§ **WHAT YOU NEED TO DO**
In the data below, find the line with "青葉山から仙台市街を望む" and the line with "Bloxburg Promotion Level", then restate both and every line between them exactly, minus the pictures.

§ **INPUT MATERIAL**
------------------------------------------------------------------------

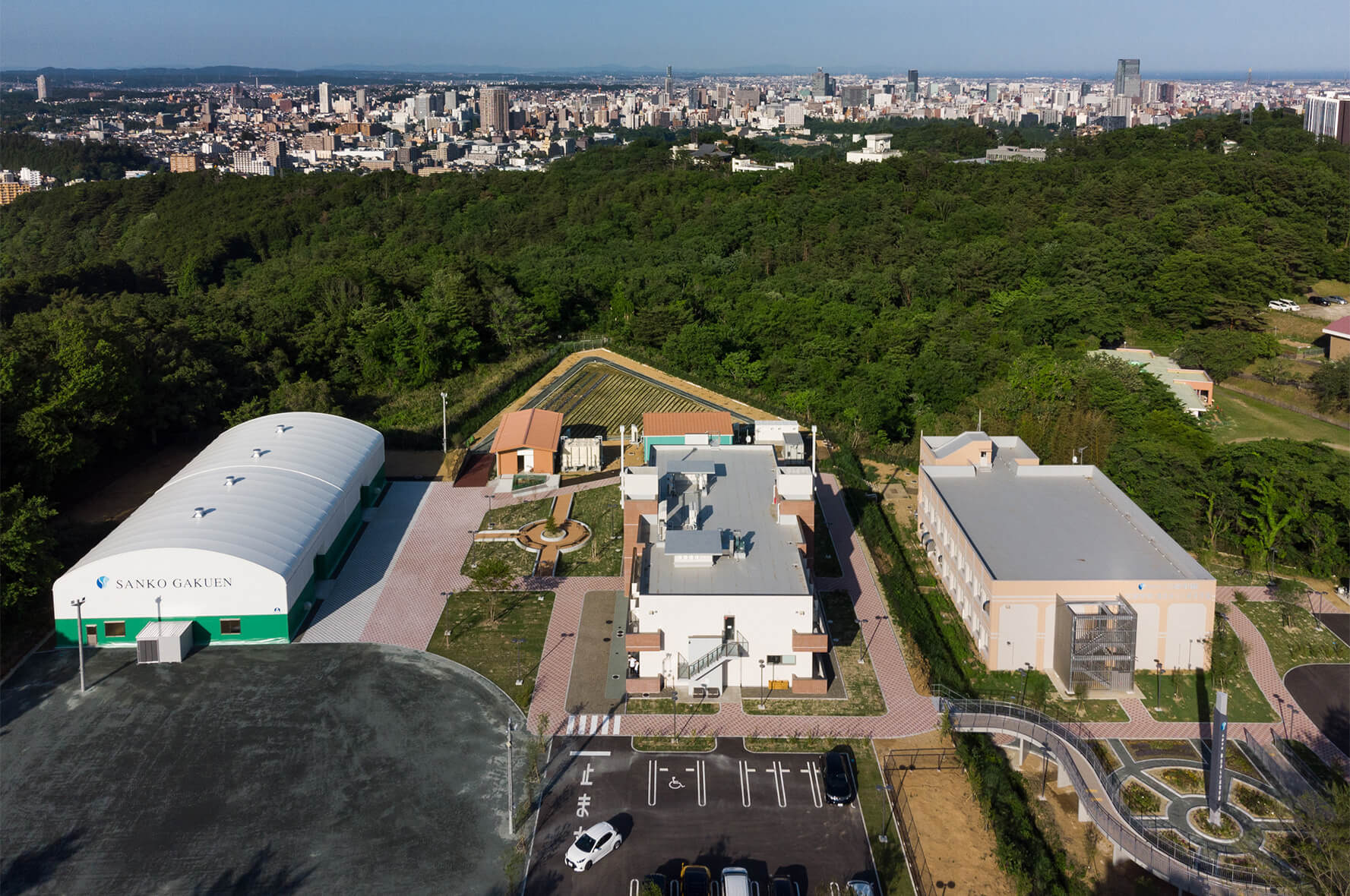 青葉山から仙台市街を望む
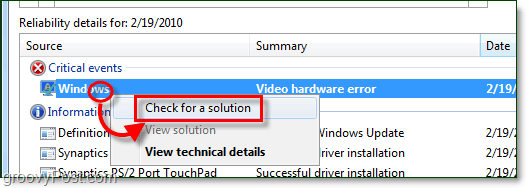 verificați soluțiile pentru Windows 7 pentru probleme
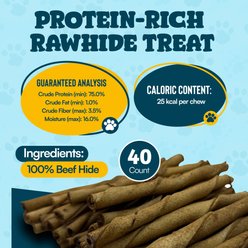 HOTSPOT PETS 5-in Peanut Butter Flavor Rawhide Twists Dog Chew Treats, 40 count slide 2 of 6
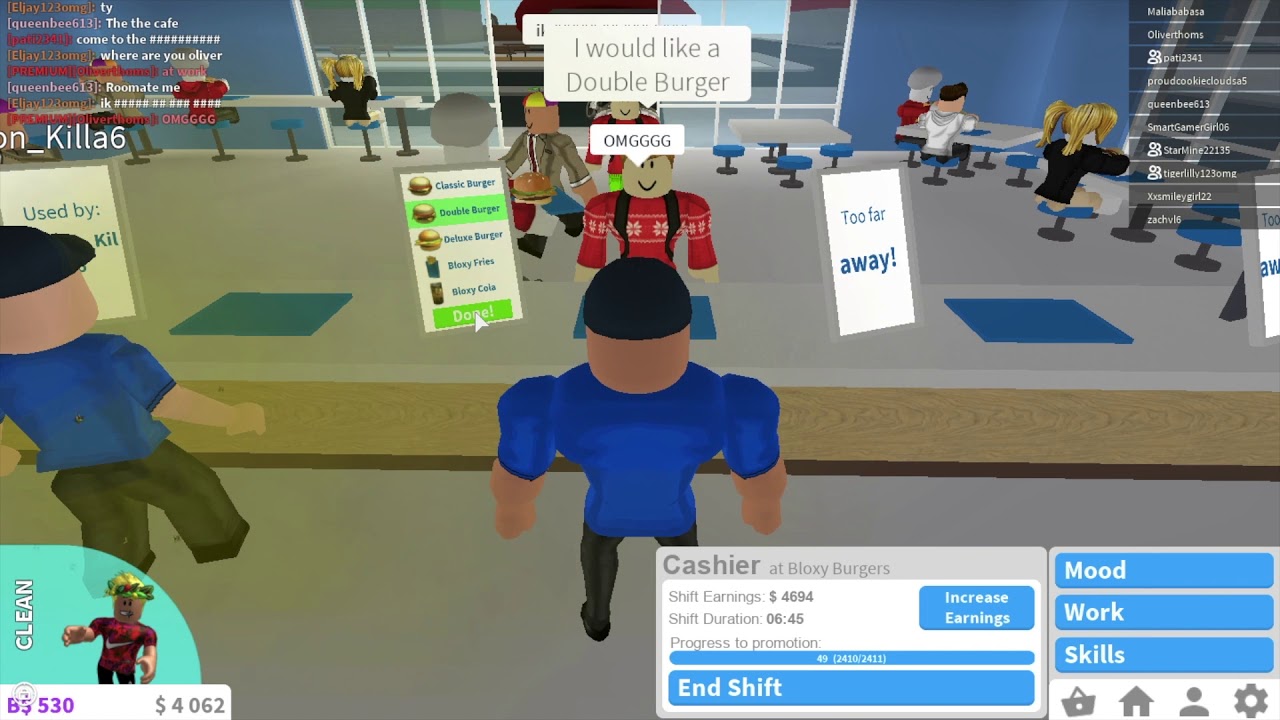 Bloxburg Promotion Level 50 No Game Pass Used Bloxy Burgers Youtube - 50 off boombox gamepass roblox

------------------------------------------------------------------------

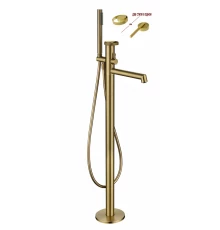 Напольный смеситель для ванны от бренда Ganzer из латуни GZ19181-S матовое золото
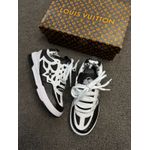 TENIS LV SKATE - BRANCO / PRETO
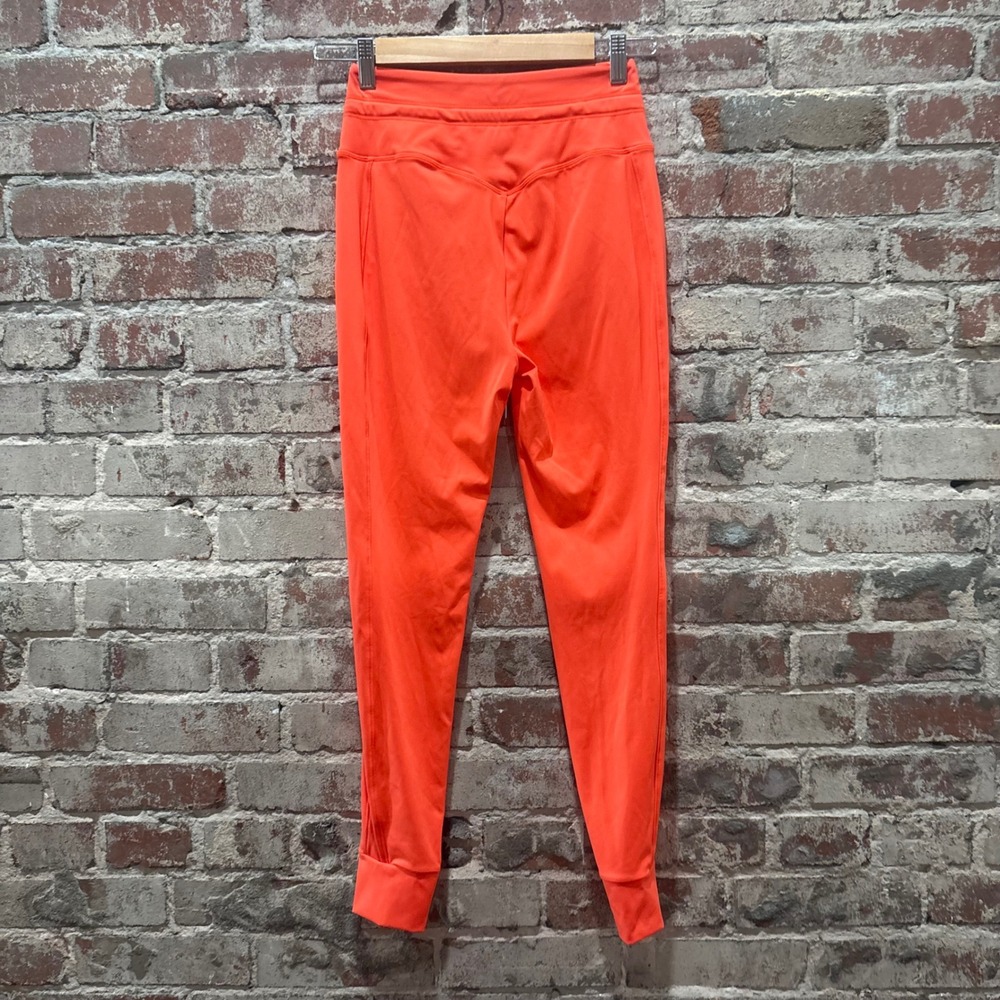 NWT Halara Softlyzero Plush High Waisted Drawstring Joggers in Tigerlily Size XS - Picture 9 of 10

------------------------------------------------------------------------

§ **COMPLETED EXERCISE**
 青葉山から仙台市街を望む
 verificați soluțiile pentru Windows 7 pentru probleme
 HOTSPOT PETS 5-in Peanut Butter Flavor Rawhide Twists Dog Chew Treats, 40 count slide 2 of 6
 Bloxburg Promotion Level 50 No Game Pass Used Bloxy Burgers Youtube - 50 off boombox gamepass roblox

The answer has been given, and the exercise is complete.